What is a CBS mutation?
This form of homocystinuria is caused by a genetic mutation in the CBS gene , which leads to low levels or absence of an enzyme called cystathionine beta-synthase (CBS). When CBS is absent or not working right, homocysteine and other toxic chemicals build up in the blood and urine.
What is CBS upregulation?
CBS: (Cystathionine Beta Synthase) This enzyme converts homocysteine to cysteine and glutathione. This is an upregulation defect; it regulates the enzymes that help to convert homocysteine into glutathione, a major antioxidant. Mutations in the CBS genes will produce more sulfur end products from the methylation cycle.
What is the methylation pathway?
The Methylation Cycle is a biochemical pathway that manages or contributes to a wide range of biochemical functions: detoxification, supporting DNA (turning genes on and off), producing energy, reducing inflammation, synthesising neurotransmitters, homocysteine metabolism, protein methylation, phase 2 liver …
Where does methylation cycle take place?
blood vessels
The methylation cycle begins in the blood vessels with folate (B9) obtained from diet. When methylenetetrahydrofolate reductase (MTHFR) acts on folate, it picks up a methyl group, transforming into methyltetrahydrofolate (MTHF). MTHF is able to methylate homocysteine to methionine.
What is CBS testing?
A complete blood count (CBC) is a blood test used to evaluate your overall health and detect a wide range of disorders, including anemia, infection and leukemia. A complete blood count test measures several components and features of your blood, including: Red blood cells, which carry oxygen.
What is homocystinuria CBS related?
What Is Homocystinuria, CBS-Related? Homocystinuria is an inherited metabolic condition where there is excessive homocysteine in the body. Classic homocystinuria is caused by cystathionine beta-synthase deficiency (CBS deficiency) due to a mutation in the CBS gene.
What is the CBS enzyme?
Cystathionine beta-synthase (CBS) is the first enzyme in the transsulfuration pathway, catalyzing the conversion of serine and homocysteine to cystathionine and water. The enzyme contains three functional domains.
Is homocysteine genetic?
It has been recognized that some people have a common genetic variant (called methylenetetrahydrofolate reductase, abbreviated MTHFR) that impairs their ability to process folate. This defective gene leads to elevated levels of homocysteine in some people who inherit MTHFR variants from both parents.
What do you need to know about the Yasko protocol?

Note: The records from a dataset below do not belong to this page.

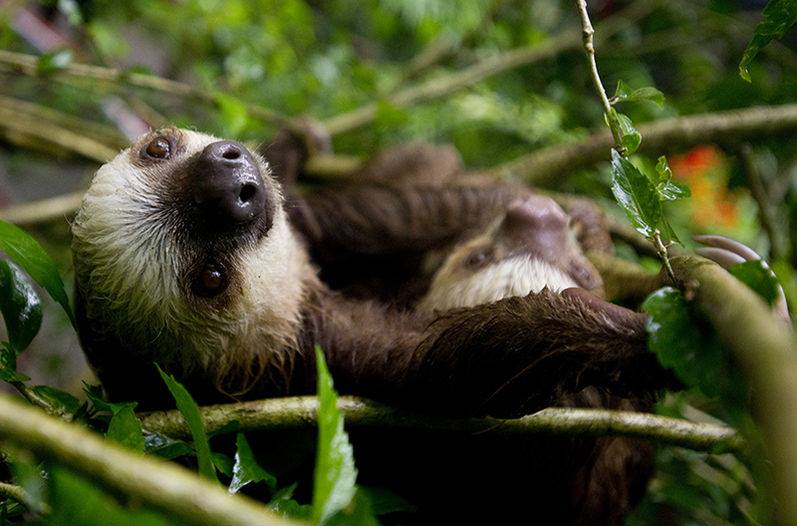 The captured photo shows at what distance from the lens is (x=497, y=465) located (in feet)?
7.55

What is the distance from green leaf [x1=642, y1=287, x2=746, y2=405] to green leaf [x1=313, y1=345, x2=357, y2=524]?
59 cm

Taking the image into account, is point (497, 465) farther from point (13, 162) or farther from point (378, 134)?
point (13, 162)

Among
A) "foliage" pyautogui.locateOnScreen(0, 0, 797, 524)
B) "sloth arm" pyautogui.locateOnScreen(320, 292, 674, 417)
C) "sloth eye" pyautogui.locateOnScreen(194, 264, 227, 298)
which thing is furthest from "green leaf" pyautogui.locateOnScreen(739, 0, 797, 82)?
"sloth eye" pyautogui.locateOnScreen(194, 264, 227, 298)

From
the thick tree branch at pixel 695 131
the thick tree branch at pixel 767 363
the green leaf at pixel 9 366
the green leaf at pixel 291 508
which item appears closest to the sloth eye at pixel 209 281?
the green leaf at pixel 9 366

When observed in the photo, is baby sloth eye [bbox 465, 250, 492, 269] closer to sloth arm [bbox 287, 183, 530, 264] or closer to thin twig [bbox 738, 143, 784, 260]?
sloth arm [bbox 287, 183, 530, 264]

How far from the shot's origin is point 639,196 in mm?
1440

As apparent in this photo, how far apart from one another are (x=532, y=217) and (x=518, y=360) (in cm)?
104

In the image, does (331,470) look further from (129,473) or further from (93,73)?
(93,73)

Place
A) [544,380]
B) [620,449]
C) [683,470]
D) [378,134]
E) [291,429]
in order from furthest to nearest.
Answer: [378,134]
[683,470]
[620,449]
[291,429]
[544,380]

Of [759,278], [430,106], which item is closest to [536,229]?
[759,278]

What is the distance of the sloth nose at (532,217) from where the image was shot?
2.78 m

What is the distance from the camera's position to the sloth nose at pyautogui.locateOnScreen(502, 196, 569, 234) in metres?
2.78

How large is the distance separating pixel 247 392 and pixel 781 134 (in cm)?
271

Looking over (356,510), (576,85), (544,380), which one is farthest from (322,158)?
(356,510) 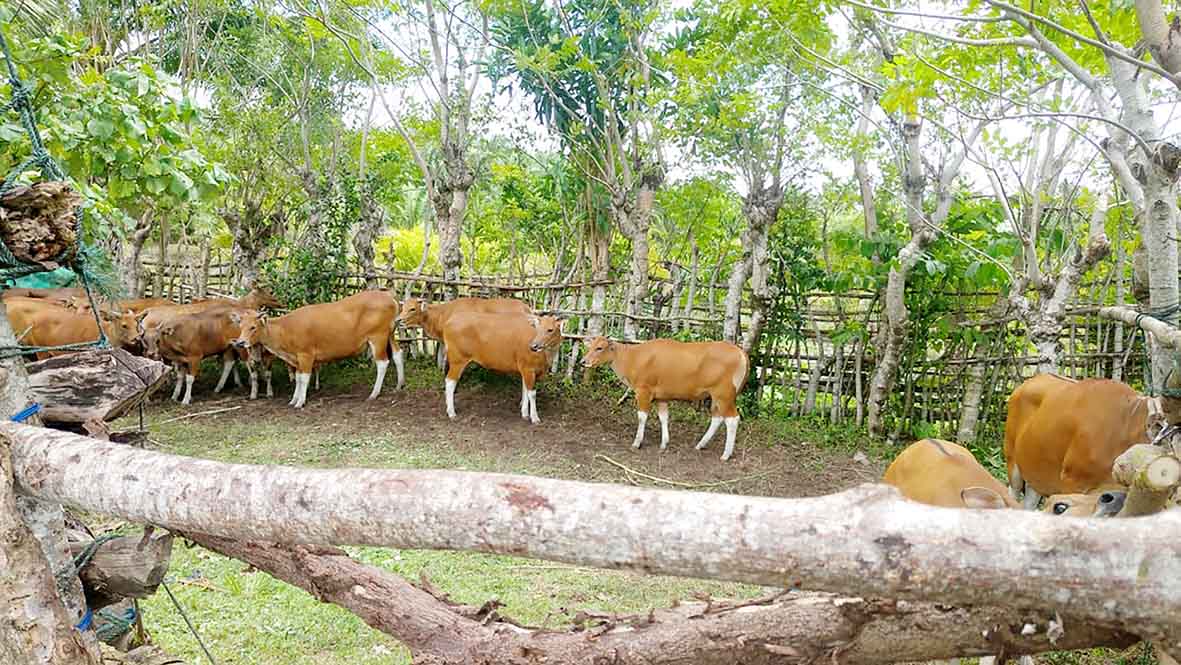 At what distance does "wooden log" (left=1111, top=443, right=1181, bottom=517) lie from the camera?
142 cm

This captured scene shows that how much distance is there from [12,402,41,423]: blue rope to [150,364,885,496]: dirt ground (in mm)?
5034

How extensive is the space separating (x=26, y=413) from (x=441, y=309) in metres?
8.19

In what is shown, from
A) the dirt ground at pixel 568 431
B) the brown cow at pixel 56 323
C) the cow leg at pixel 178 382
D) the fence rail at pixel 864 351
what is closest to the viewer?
the dirt ground at pixel 568 431

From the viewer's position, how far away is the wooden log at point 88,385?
240 centimetres

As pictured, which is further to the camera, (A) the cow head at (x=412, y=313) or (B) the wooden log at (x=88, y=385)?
(A) the cow head at (x=412, y=313)

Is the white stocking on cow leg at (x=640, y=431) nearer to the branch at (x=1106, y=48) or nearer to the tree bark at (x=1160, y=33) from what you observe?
the branch at (x=1106, y=48)

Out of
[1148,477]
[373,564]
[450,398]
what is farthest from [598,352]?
[1148,477]

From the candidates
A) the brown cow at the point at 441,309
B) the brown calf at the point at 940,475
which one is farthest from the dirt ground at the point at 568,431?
the brown calf at the point at 940,475

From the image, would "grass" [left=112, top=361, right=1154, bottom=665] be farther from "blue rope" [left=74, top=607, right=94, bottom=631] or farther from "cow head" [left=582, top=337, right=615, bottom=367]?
"cow head" [left=582, top=337, right=615, bottom=367]

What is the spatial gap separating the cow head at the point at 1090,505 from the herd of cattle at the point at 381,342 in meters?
5.43

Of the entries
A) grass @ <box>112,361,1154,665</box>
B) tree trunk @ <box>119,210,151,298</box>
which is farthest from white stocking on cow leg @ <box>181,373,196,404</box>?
tree trunk @ <box>119,210,151,298</box>

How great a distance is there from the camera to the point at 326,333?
31.8 ft

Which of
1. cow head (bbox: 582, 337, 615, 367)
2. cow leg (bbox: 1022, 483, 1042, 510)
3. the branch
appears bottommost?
cow leg (bbox: 1022, 483, 1042, 510)

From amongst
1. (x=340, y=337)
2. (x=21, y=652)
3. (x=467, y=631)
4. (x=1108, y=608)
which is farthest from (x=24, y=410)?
(x=340, y=337) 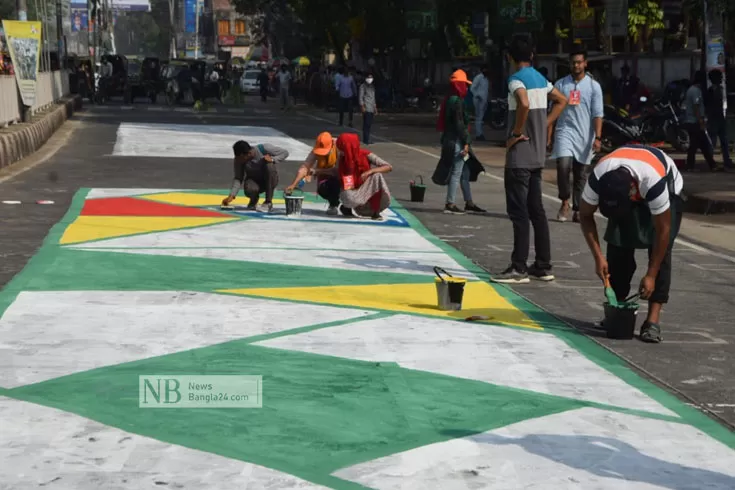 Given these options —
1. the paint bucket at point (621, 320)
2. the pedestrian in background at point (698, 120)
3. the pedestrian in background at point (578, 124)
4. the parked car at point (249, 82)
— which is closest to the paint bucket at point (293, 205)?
the pedestrian in background at point (578, 124)

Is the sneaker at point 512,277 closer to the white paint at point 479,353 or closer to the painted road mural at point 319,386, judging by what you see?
the painted road mural at point 319,386

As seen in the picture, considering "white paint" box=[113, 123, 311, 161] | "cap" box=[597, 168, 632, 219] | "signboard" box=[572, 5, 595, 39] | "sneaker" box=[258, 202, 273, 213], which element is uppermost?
"signboard" box=[572, 5, 595, 39]

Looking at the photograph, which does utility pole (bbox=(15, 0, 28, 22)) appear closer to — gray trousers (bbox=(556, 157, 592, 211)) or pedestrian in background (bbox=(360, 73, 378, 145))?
pedestrian in background (bbox=(360, 73, 378, 145))

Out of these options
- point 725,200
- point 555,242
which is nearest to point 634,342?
Answer: point 555,242

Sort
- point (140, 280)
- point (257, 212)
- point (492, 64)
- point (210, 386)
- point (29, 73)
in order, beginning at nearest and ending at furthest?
1. point (210, 386)
2. point (140, 280)
3. point (257, 212)
4. point (29, 73)
5. point (492, 64)

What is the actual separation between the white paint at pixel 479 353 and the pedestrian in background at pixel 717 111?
16.0m

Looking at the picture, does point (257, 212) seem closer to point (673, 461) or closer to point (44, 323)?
point (44, 323)

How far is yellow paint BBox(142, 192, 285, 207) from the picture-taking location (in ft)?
57.1

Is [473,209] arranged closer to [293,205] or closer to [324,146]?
[324,146]

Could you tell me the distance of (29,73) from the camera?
97.3ft

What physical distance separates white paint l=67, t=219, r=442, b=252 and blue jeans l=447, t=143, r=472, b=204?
138 cm

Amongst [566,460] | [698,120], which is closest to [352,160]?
[698,120]

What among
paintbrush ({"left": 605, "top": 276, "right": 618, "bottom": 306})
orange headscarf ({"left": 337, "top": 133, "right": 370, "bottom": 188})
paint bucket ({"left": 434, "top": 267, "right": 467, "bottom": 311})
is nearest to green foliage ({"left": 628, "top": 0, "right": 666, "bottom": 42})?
orange headscarf ({"left": 337, "top": 133, "right": 370, "bottom": 188})

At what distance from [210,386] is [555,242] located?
7602 millimetres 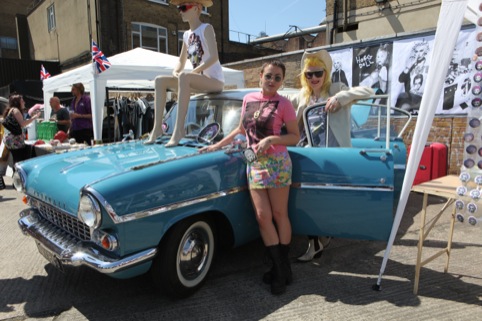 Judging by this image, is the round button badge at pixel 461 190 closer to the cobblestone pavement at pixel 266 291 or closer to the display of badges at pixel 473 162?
the display of badges at pixel 473 162

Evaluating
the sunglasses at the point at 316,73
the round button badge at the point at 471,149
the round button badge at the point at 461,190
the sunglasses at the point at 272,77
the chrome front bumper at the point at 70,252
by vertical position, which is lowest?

The Yasko Protocol considers overall observations about The Methylation Pathway in addition to looking at specific SNPs, which can give a sense of some of the larger issues to consider in terms of the pathway as a whole.
How many SNPs does dr.amy Yasko look at?
Dr. Amy looks at the interaction of the 30 SNPs in this pathway; this is unlike other programs that instead only focus on one or two SNPs. In spite of one or more serious imbalances in the pathway, an individual’s unique combination of SNPs can be viewed as the body’s effort to have The Methylation Cycle function.
Is the upregulation of the CBS enzyme harmful?
Upregulation of the CBS enzyme via two genetic polymorphisms has been theorized to be possibly detrimental for some conditions, based on the work by Dr. Amy Yasko in autism.
How did dr.amy Yasko get into autism?
Dr. Amy’s journey into the field of Autism was an organic process that evolved over time. While she began in adult neurological inflammation, life took her in the direction of Autism. Dr. Amy did not plan this path but is so grateful that it found her.